Several studies have demonstrated increased ICU mortality with cumulative positive fluid balance within the first 72 h. Vasopressin and septic shock trial (VASST)27 showed that cumulative positive fluid balance at both 12 and 96 h was associated with 28 day mortality. Neyra et al28 found that higher positive fluid balance at 72 h was associated with hospital mortality irrespective of the presence of acute kidney injury and chronic kidney disease in patients with severe sepsis and septic shock. Similarly, Koonrangsesomboon and Khwannimit29 found increased mortality and prolonged ICU stay with positive fluid balance in a retrospective study from medical ICUs in Thailand. The observations of the current study CFBs independently predicted 28 and 90 day mortality reiterates the same.
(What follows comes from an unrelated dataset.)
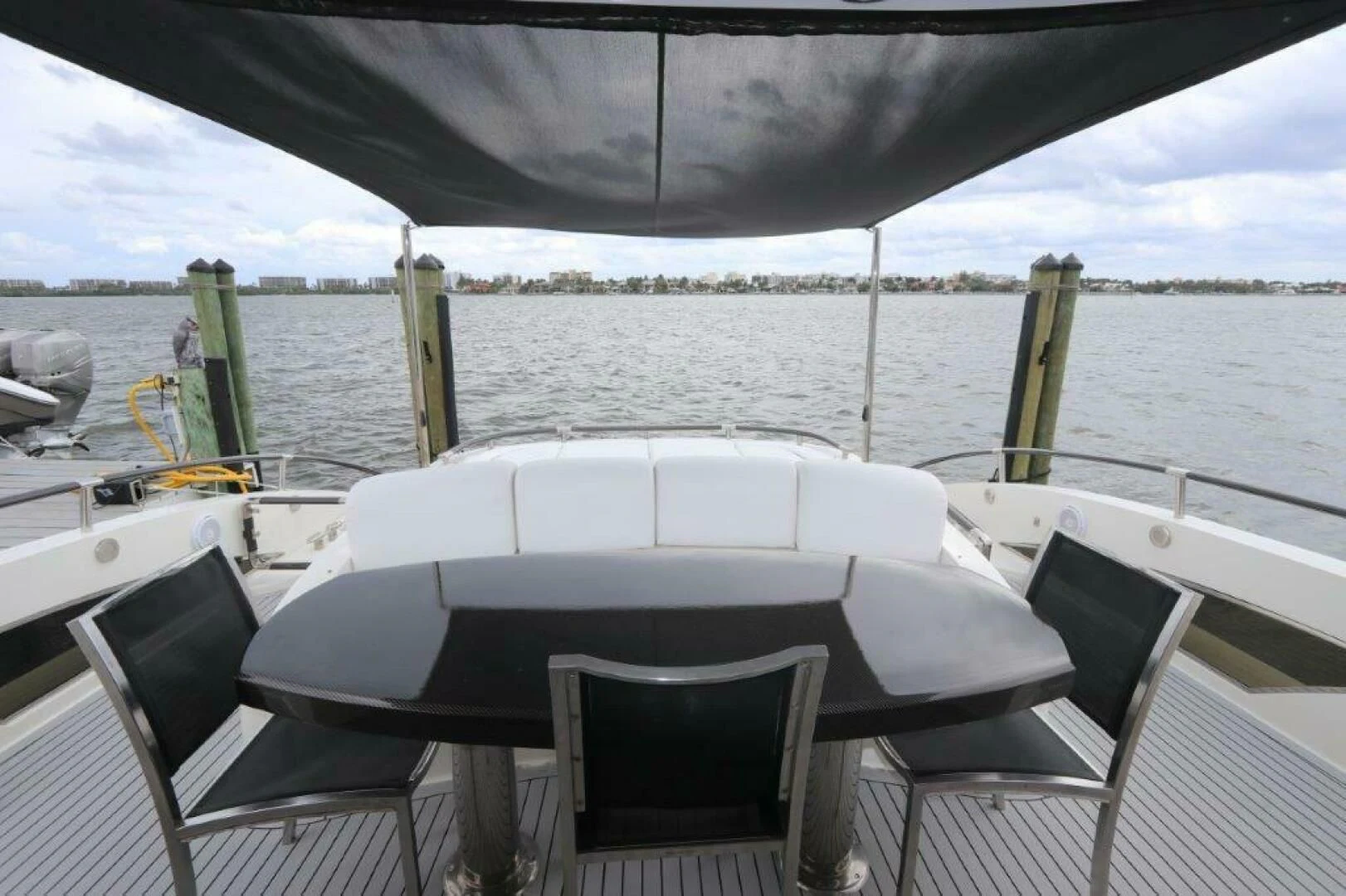 a table and chairs on a boat aboard BG Yacht for Sale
Although this was a single centre study, it was conducted in multiple ICUs of the institute under different departments (medicine, pulmonary medicine and anaesthesiology) with independent administrative control, admission pattern, management strategies and discharge criteria. Futhermore, there was no dropout or data loss and all the participants were completely followed up till 90 days. The outcome assessor who noted all the outcome parameters was blinded to the transfusion trigger and the number of units and age of RBC transfused, all contributing to the strengths of this study. However, there were a few limitations. There was no group with higher levels of transfusion; also transfusion was not given as per the underlying pathology and pathogenesis. Individuals with chronic anaemia, IHD, stroke and those who required blood transfusion within two weeks before admission were excluded from the study. Moreover, tissue oxygenation data before and after transfusion were not considered; hence, the results cannot be generalized. As our study was observational in nature with a small sample size, the findings merit critical examination through large randomized controlled trials in future.
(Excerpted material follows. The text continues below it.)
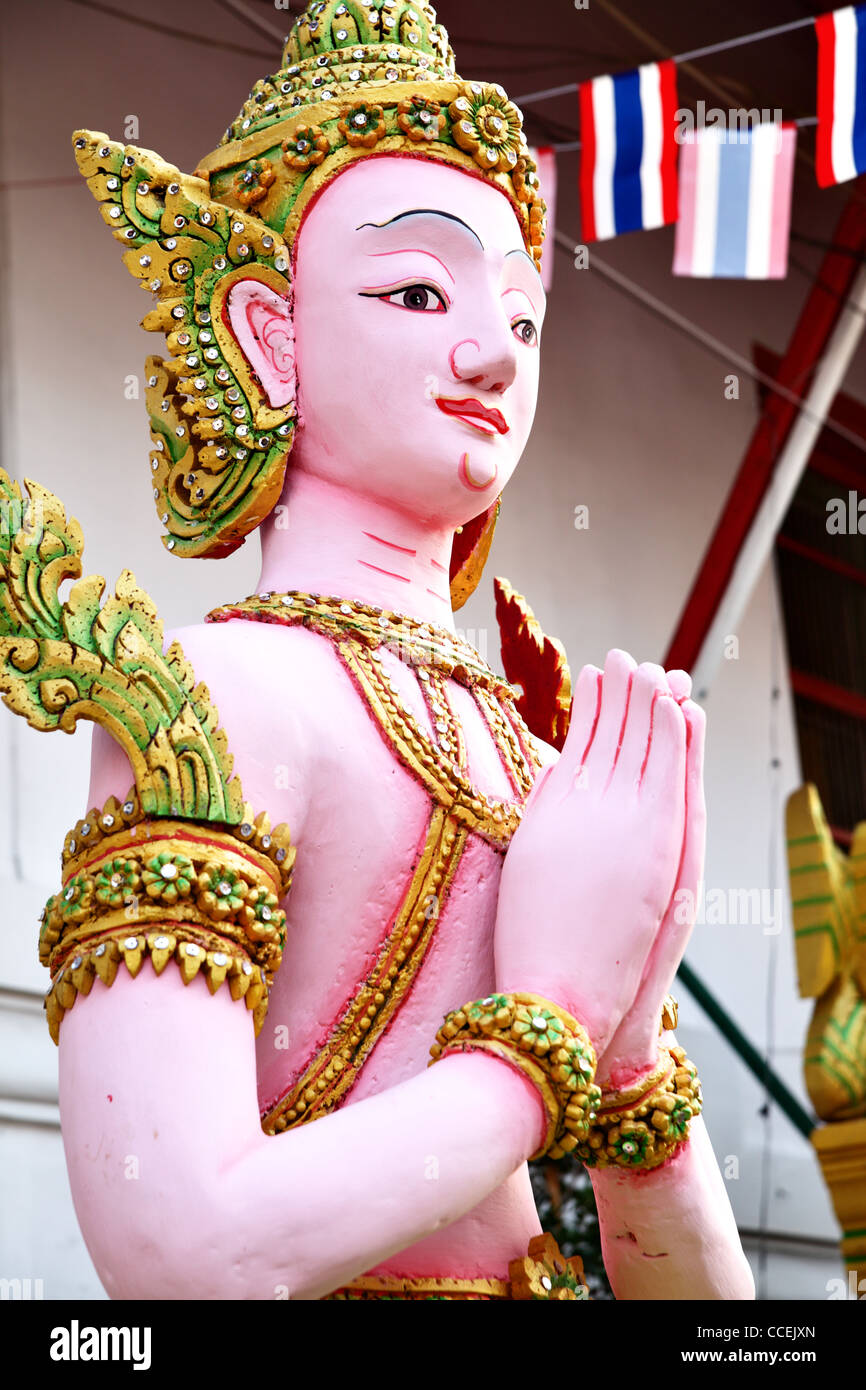 Kinnara statua - una sorta di Thai creatura mitologica Foto Stock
Overall, in sepsis patients admitted to ICU, the current practice suggests transfusion trigger is below 7 g/dl and it does not affect any adverse outcome including 28 day mortality.
Financial support and sponsorship
None.
Conflicts of interest
This study was presented at the European Society of Intensive Care Medicine Annual Conference held in October 2022 in Paris and the abstract was published in Intensive Care Med Exp 2022; 10 (Suppl 2) : 000434.